## Collected data
________
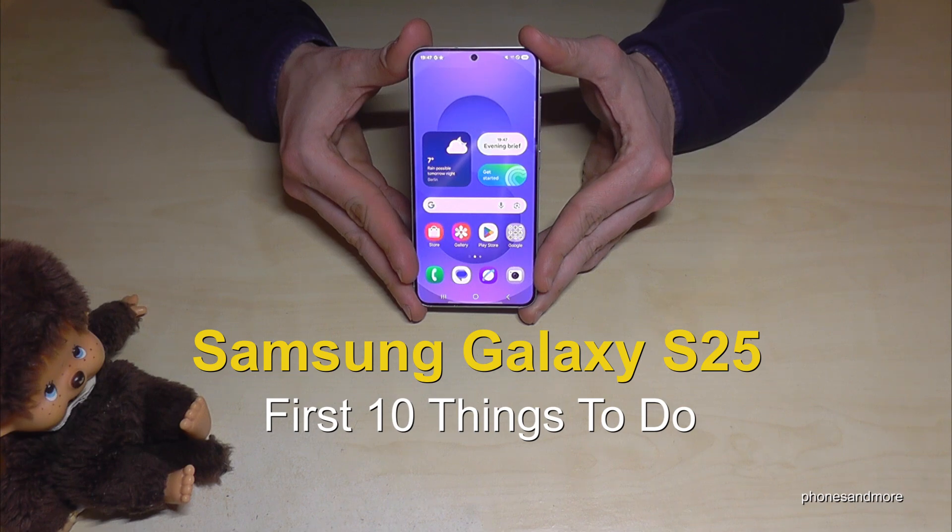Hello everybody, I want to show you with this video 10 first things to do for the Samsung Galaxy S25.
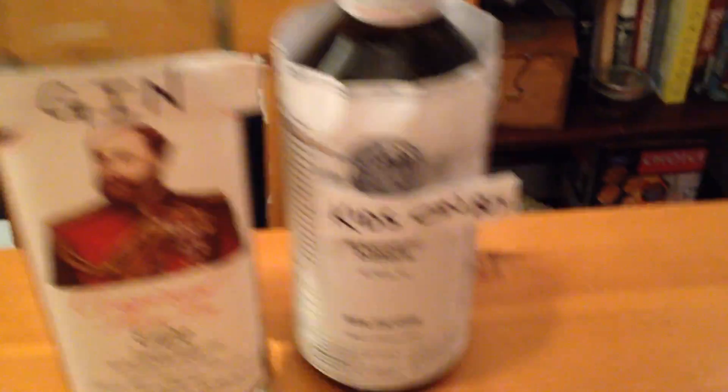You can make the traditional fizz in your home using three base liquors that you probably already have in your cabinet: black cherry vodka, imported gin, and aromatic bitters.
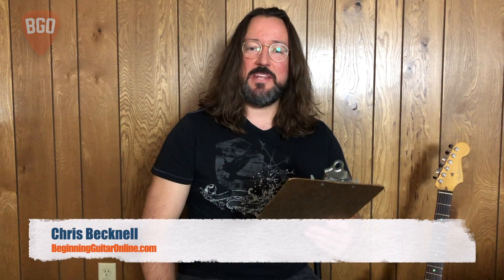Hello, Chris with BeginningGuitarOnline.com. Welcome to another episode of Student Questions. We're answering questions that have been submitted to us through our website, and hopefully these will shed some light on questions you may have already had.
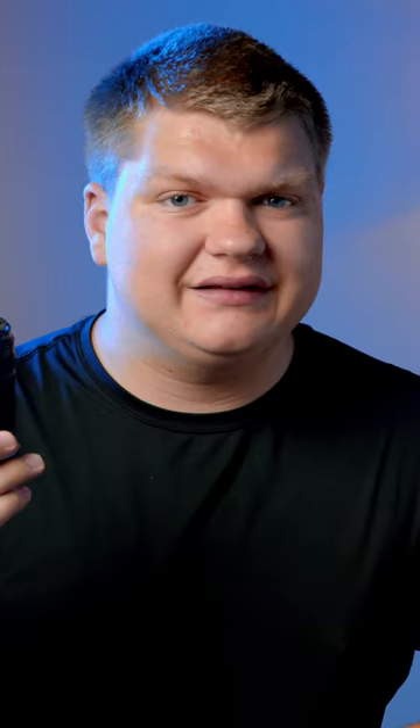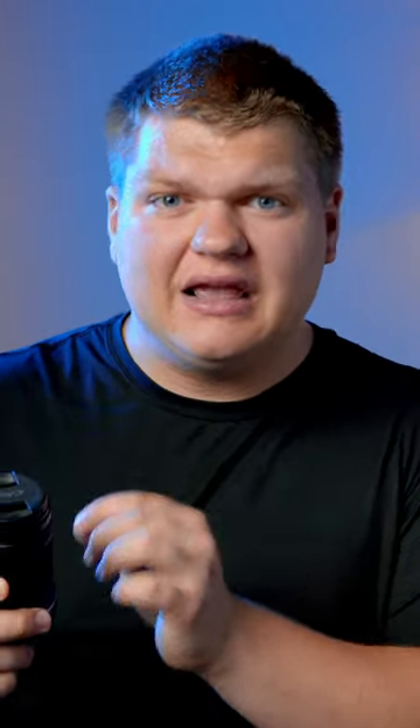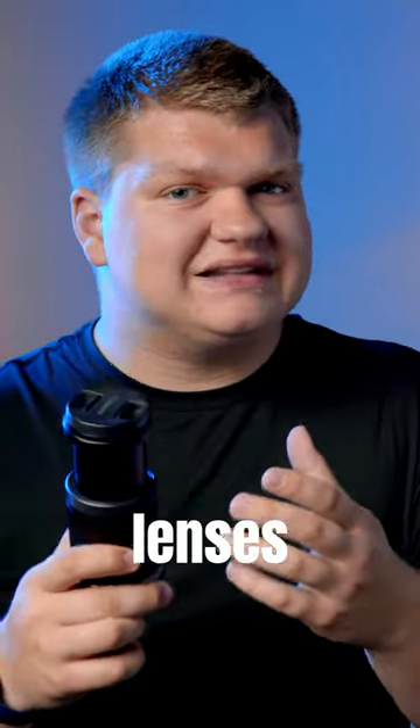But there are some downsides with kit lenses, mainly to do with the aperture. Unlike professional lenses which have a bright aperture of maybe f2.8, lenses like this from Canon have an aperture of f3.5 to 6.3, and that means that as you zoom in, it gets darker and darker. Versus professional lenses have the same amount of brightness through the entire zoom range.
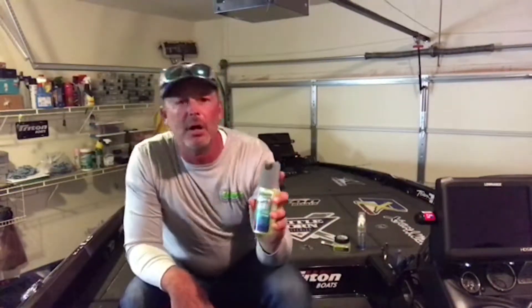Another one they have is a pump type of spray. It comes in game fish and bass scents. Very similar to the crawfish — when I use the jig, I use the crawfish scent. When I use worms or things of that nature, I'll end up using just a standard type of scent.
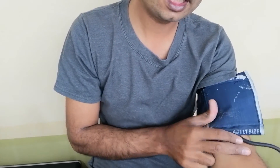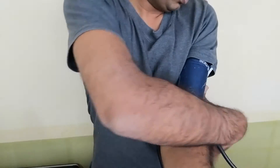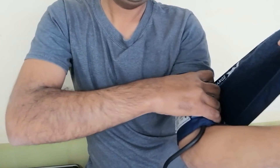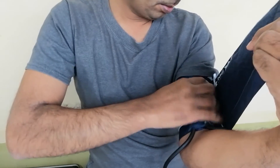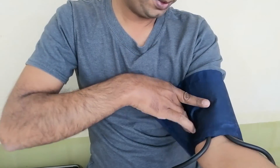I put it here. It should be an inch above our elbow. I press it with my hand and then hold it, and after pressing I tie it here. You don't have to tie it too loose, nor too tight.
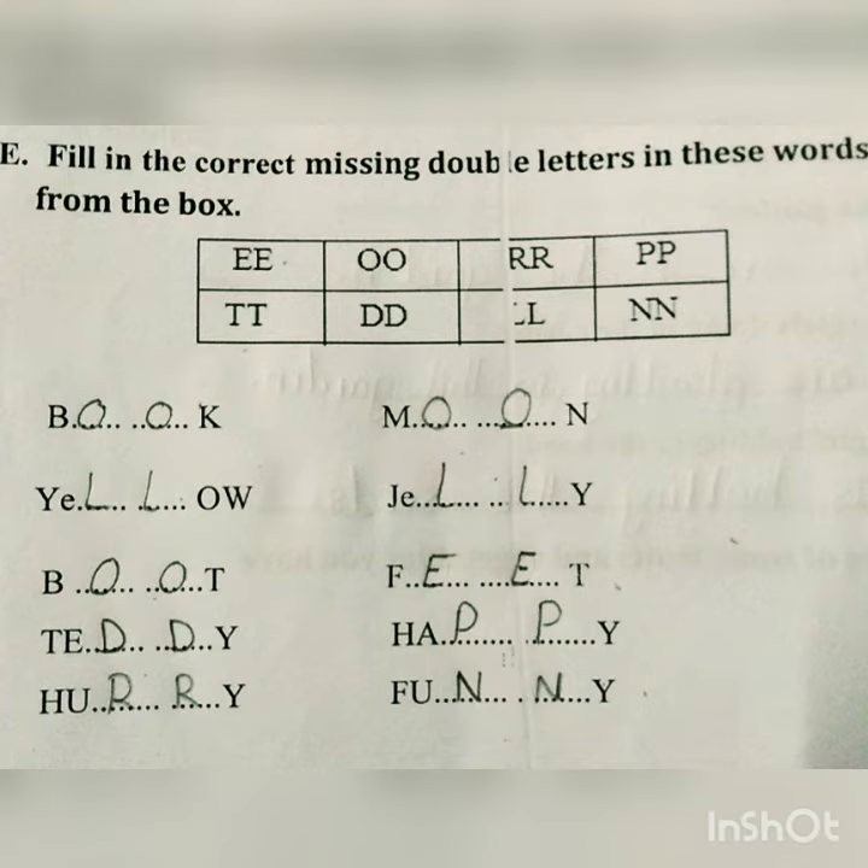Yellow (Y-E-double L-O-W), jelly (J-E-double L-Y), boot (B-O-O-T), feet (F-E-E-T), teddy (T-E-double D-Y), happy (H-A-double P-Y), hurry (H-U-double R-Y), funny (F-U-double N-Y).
________
## WORK TO COMPLETE
Leave every picture out, and repeat exactly the lines from the one containing "Hello, Chris with" through the last line of the entries, both ends included.

## SOLVED PROBLEM
Hello, Chris with BeginningGuitarOnline.com. Welcome to another episode of Student Questions. We're answering questions that have been submitted to us through our website, and hopefully these will shed some light on questions you may have already had.
But there are some downsides with kit lenses, mainly to do with the aperture. Unlike professional lenses which have a bright aperture of maybe f2.8, lenses like this from Canon have an aperture of f3.5 to 6.3, and that means that as you zoom in, it gets darker and darker. Versus professional lenses have the same amount of brightness through the entire zoom range.
Another one they have is a pump type of spray. It comes in game fish and bass scents. Very similar to the crawfish — when I use the jig, I use the crawfish scent. When I use worms or things of that nature, I'll end up using just a standard type of scent.
I put it here. It should be an inch above our elbow. I press it with my hand and then hold it, and after pressing I tie it here. You don't have to tie it too loose, nor too tight.
Yellow (Y-E-double L-O-W), jelly (J-E-double L-Y), boot (B-O-O-T), feet (F-E-E-T), teddy (T-E-double D-Y), happy (H-A-double P-Y), hurry (H-U-double R-Y), funny (F-U-double N-Y).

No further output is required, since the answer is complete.